Asset managers often provide fee discounts to key clients, including pension schemes, in order to secure their business. However, details of these deals have traditionally remained secret.

According to ClearGlass Analytics, a consultancy that has developed a database of costs and performance based on 35,000 investment portfolios, the opaqueness of the market has resulted in significant variations in fees paid by pension schemes even when purchasing identical or very similar funds. In fact, the higher fees amount to over £2 billion per year paid by scheme trustees, as revealed by ClearGlass data.

These findings raise concerns about whether pension schemes are obtaining the best deals and if the market is functioning properly. They come after the introduction of new UK regulations, known as the consumer duty, which require asset managers to demonstrate that they provide excellent value for money to clients.

ClearGlass CEO Chris Sier commented, “Competition is not working. Almost every deal between a fund manager and a pension scheme is different. Each scheme receives its own ‘special’ price, and the understanding of ‘don’t tell anyone else about the deal you have or else’ has existed forever.”

ClearGlass estimates that only 25% of investors are receiving good value for money when comparing their fees with ongoing charges and median net returns over five years.

For actively managed global equity funds, ClearGlass found a discrepancy of 0.71 percentage points in annual fees between the best and worst deals.

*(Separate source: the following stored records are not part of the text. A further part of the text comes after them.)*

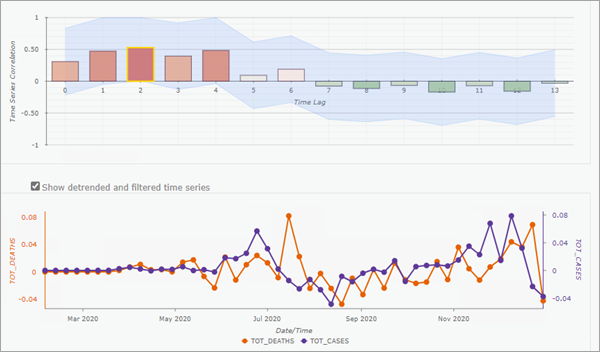 Gráfico emergente de correlación de desfase temporal con intervalos de confianza y series temporales filtradas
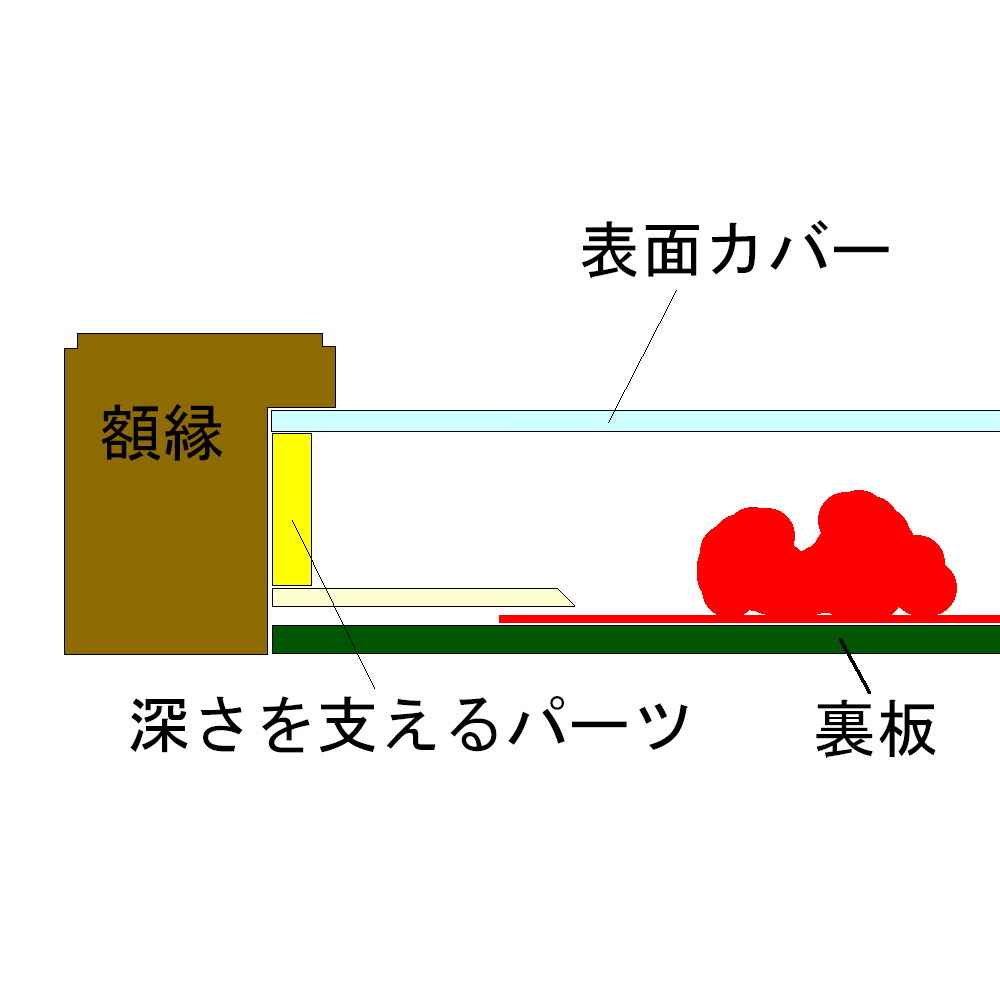 額装実例5 進撃の巨人 リヴァイのスカーフとエルヴィンのループタイ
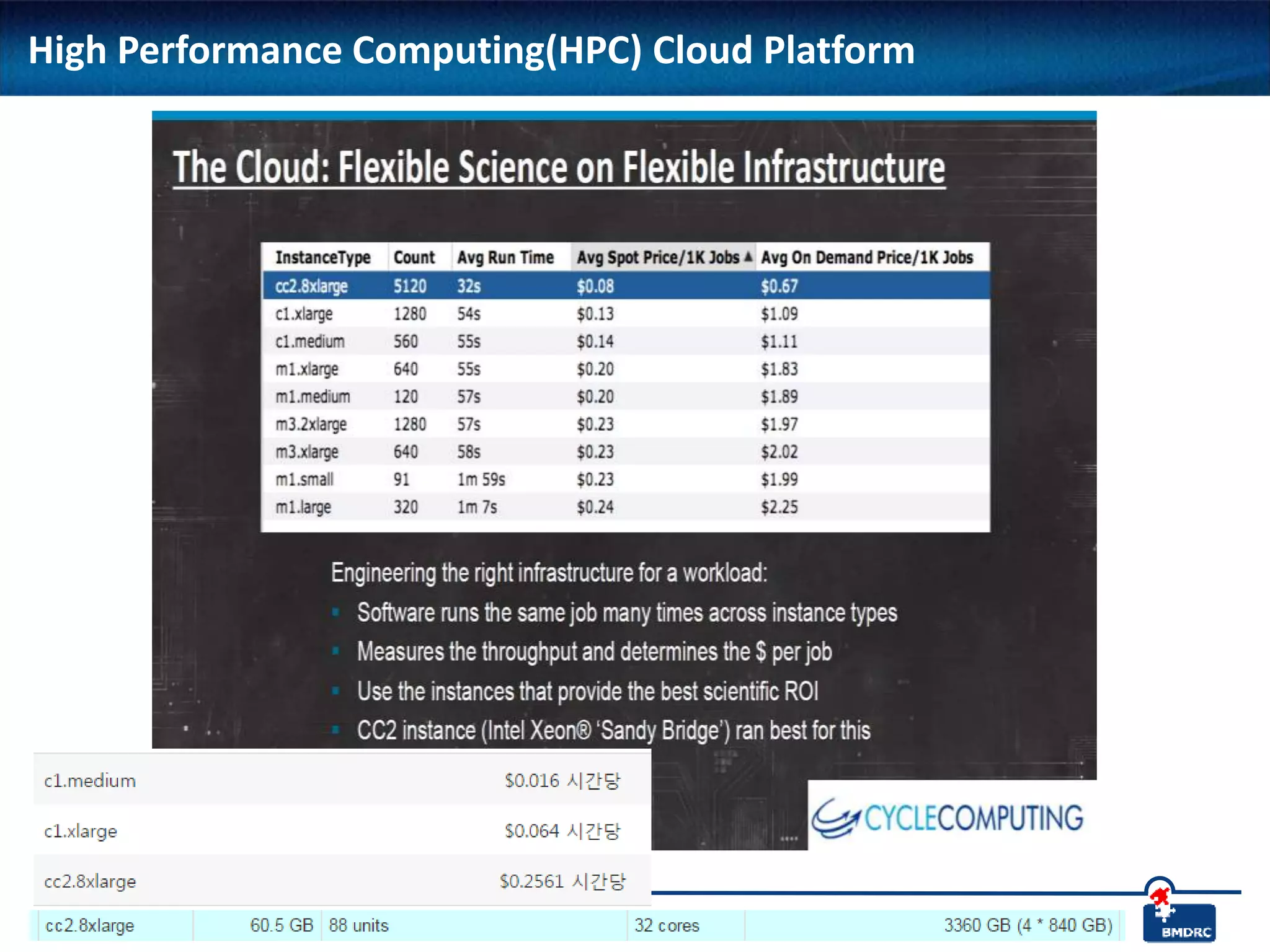 46
High Performance Computing(HPC) Cloud Platform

This gap increases to 0.91 percentage points for active emerging market funds and up to 1.16 percentage points for multi-asset targeted absolute return funds.

Furthermore, even fees for passive index-tracking funds and strategies exhibit significant discrepancies that can impact the overall costs paid by a pension scheme.

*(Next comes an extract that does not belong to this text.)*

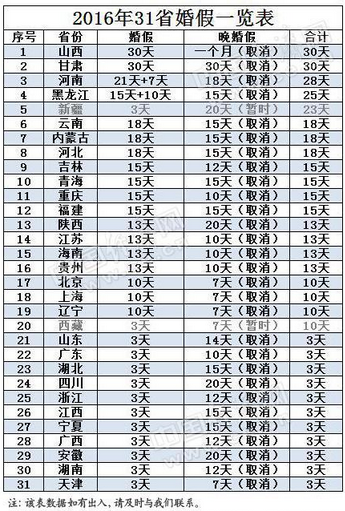 11省婚假仅为3天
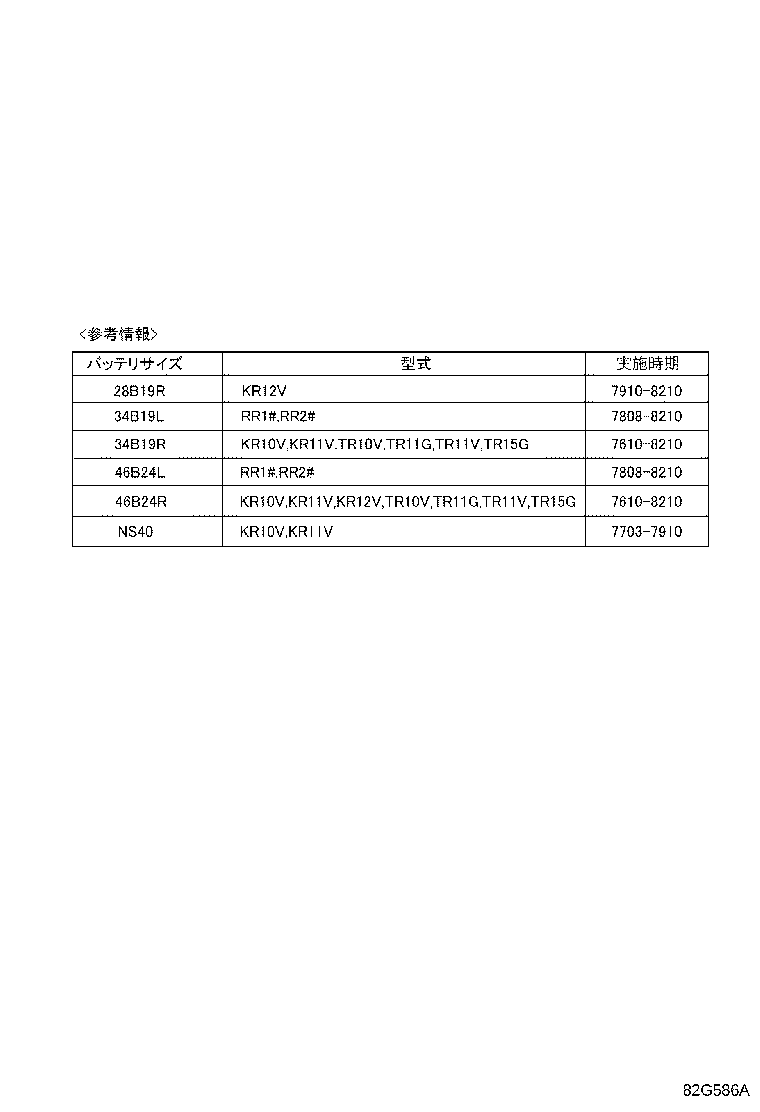 Figure 82G586A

ClearGlass identified one manager who runs a passive equity fund and has a 0.17 percentage point gap in ongoing charges between their best and worst deal in one of the most competitive fee sectors.

The Investment Association, which represents the UK’s asset management industry, asserts that institutional investors actively seek out deals that best suit their needs. They argue that some strategies may appear more expensive than similar alternatives, but investors might choose them because they align better with their requirements.

Peter Sleep, overseeing multiple multi-manager strategies at UK wealth management firm 7IM, suggests that negotiating fee discounts is easier for newly launched funds and for investors making significant commitments.

Sleep adds, “Some wealth managers and small pension funds may lack the influence to negotiate fee discounts. However, it’s important to ask and negotiate because there are deals to be made.”

This month, the Financial Conduct Authority warned asset managers that justifying fees based on comparisons with peer funds does not meet the requirements of the new rules.

While data on fund factsheets indicates a decrease in fees over the past three years, the actual fees paid by large investors may complicate asset managers’ claims of delivering excellent value for money to all clients.

Considering that asset managers offer different rates to different clients, Sier states, “To claim that all customers received the same value for money would be misleading.”